Extracted information: Begin

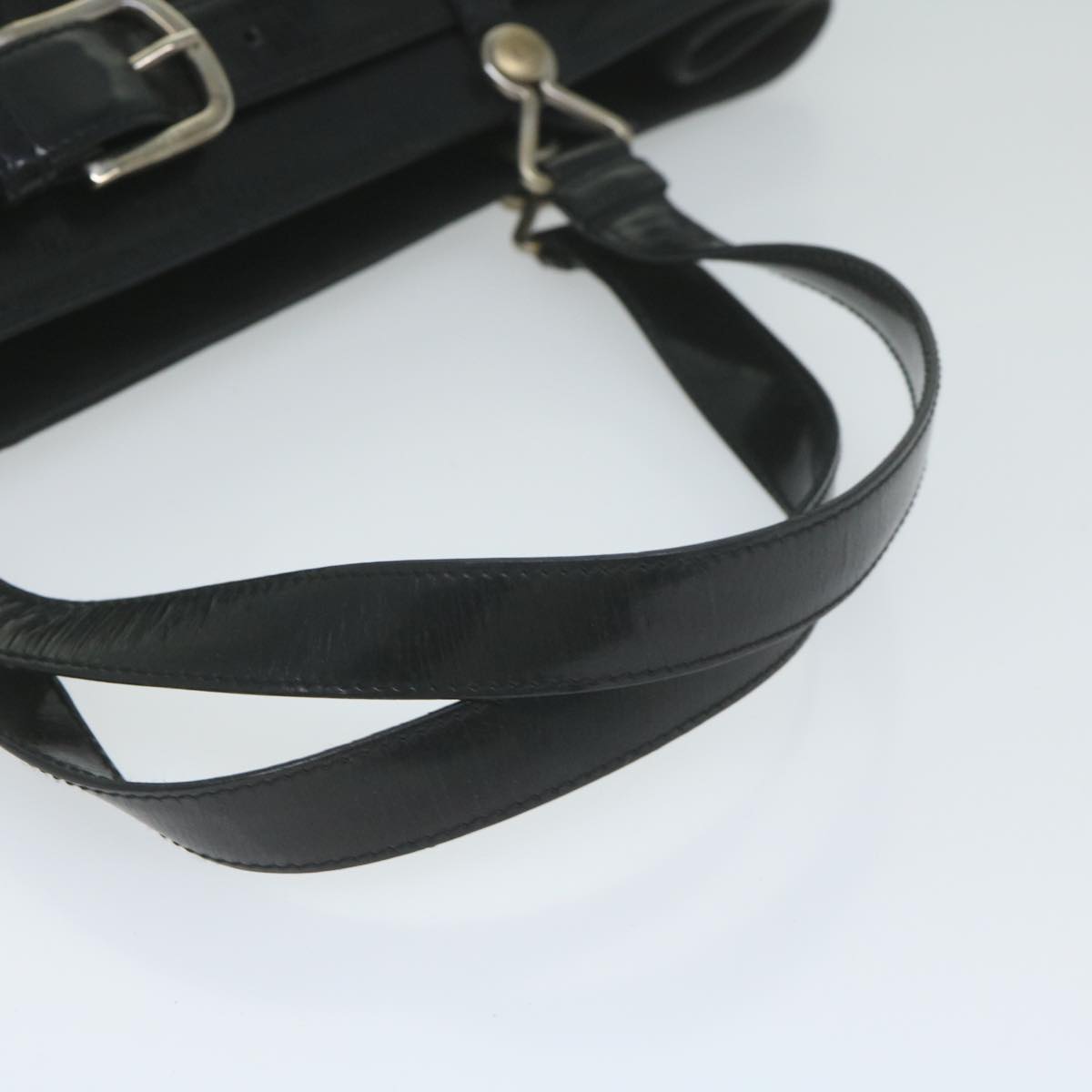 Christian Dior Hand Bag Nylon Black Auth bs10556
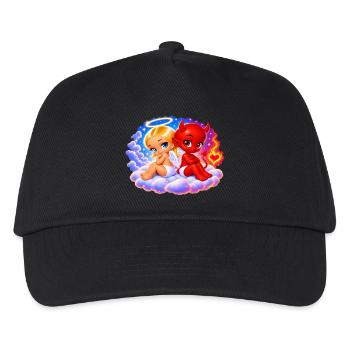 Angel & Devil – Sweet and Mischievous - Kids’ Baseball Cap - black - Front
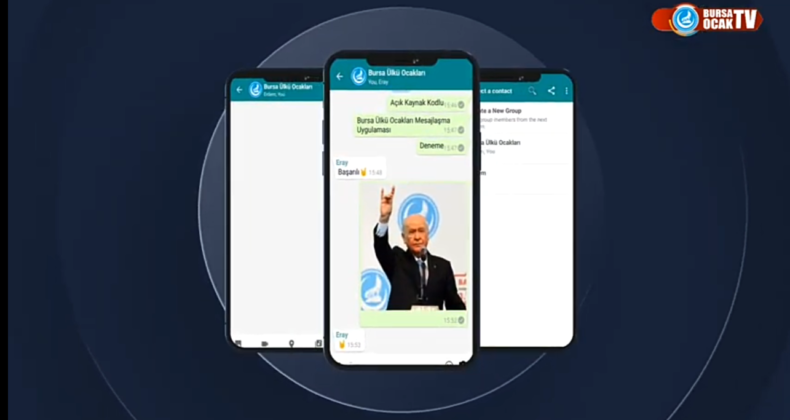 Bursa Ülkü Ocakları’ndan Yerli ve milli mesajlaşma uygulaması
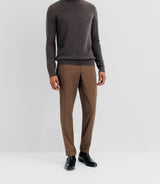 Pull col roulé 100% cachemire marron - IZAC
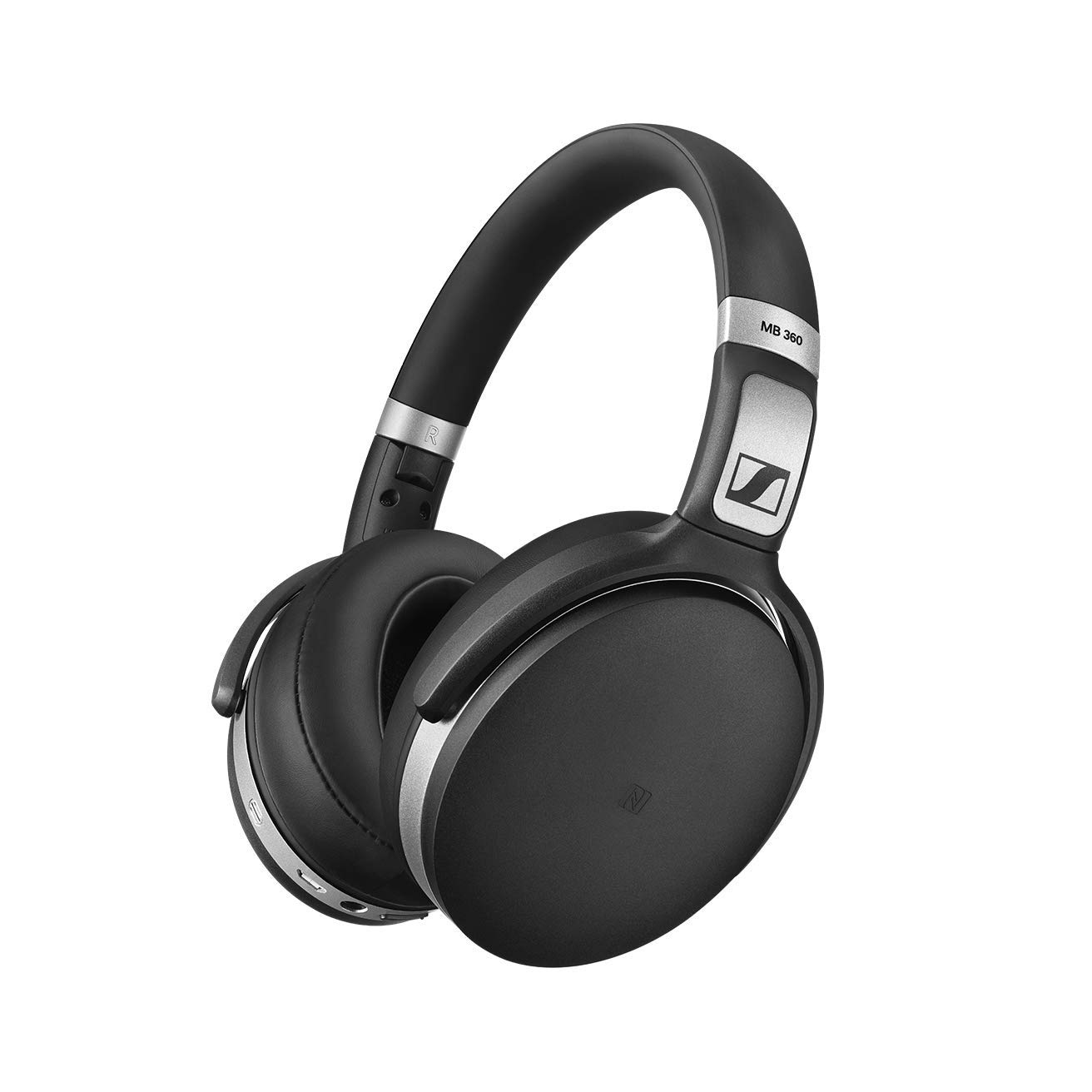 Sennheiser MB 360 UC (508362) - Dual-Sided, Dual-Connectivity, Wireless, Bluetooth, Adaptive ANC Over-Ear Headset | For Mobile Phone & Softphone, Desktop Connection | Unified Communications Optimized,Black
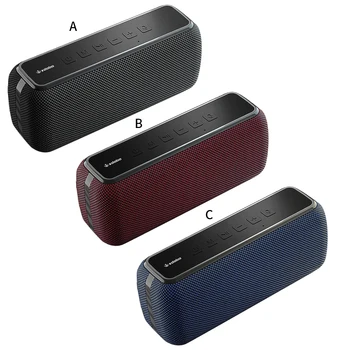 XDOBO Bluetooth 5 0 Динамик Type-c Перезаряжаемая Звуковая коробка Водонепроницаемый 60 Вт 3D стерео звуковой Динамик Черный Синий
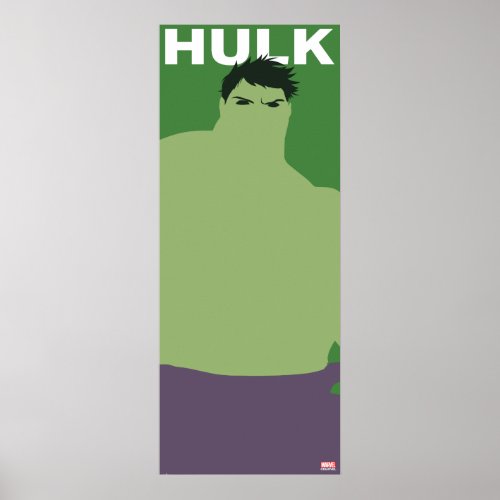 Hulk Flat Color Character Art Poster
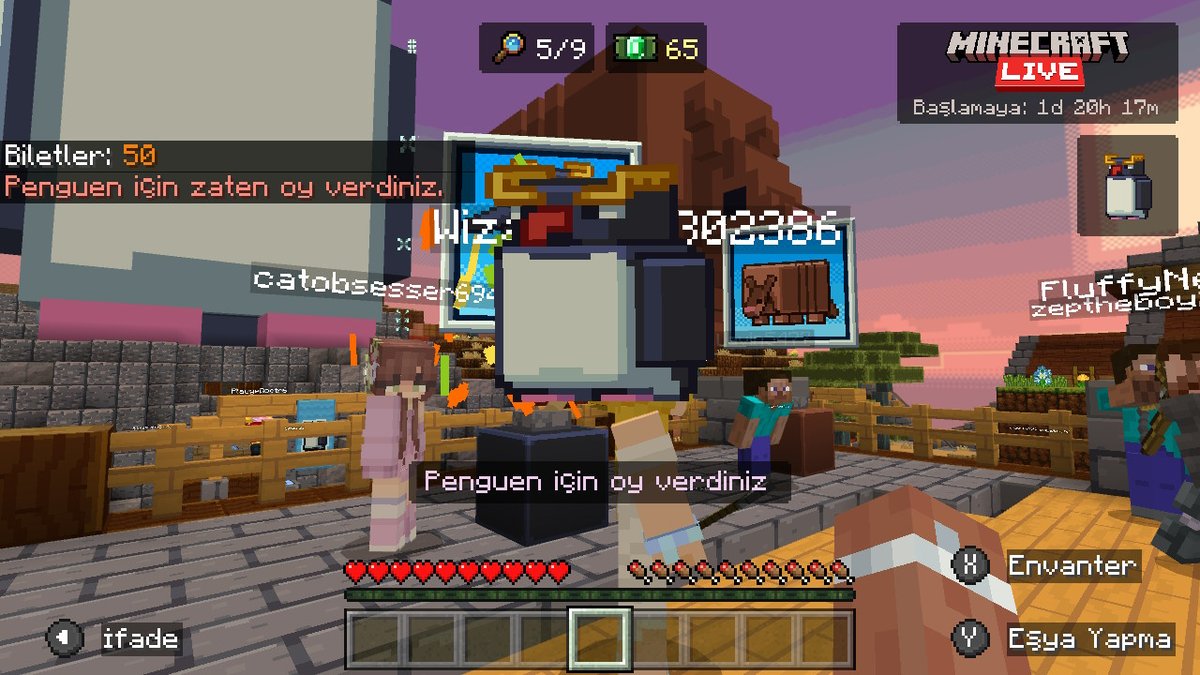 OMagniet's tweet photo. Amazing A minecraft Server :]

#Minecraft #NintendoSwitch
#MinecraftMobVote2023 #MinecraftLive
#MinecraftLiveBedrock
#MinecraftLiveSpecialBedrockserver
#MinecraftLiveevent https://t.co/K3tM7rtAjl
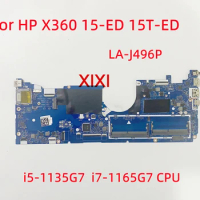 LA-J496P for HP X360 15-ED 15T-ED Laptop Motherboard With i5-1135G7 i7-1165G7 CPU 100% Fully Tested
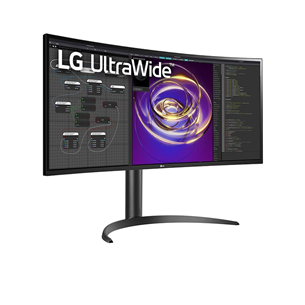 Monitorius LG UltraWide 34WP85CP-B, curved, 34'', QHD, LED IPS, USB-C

Extracted information: End

**Work request**. Could you retype the records above exactly, omitting the pictures?

**Answer space**.
 Christian Dior Hand Bag Nylon Black Auth bs10556
 Angel & Devil – Sweet and Mischievous - Kids’ Baseball Cap - black - Front
 Bursa Ülkü Ocakları’ndan Yerli ve milli mesajlaşma uygulaması
 Pull col roulé 100% cachemire marron - IZAC
 Sennheiser MB 360 UC (508362) - Dual-Sided, Dual-Connectivity, Wireless, Bluetooth, Adaptive ANC Over-Ear Headset | For Mobile Phone & Softphone, Desktop Connection | Unified Communications Optimized,Black
 XDOBO Bluetooth 5 0 Динамик Type-c Перезаряжаемая Звуковая коробка Водонепроницаемый 60 Вт 3D стерео звуковой Динамик Черный Синий
 Hulk Flat Color Character Art Poster
 OMagniet's tweet photo. Amazing A minecraft Server :]

#Minecraft #NintendoSwitch
#MinecraftMobVote2023 #MinecraftLive
#MinecraftLiveBedrock
#MinecraftLiveSpecialBedrockserver
#MinecraftLiveevent https://t.co/K3tM7rtAjl
 LA-J496P for HP X360 15-ED 15T-ED Laptop Motherboard With i5-1135G7 i7-1165G7 CPU 100% Fully Tested
 Monitorius LG UltraWide 34WP85CP-B, curved, 34'', QHD, LED IPS, USB-C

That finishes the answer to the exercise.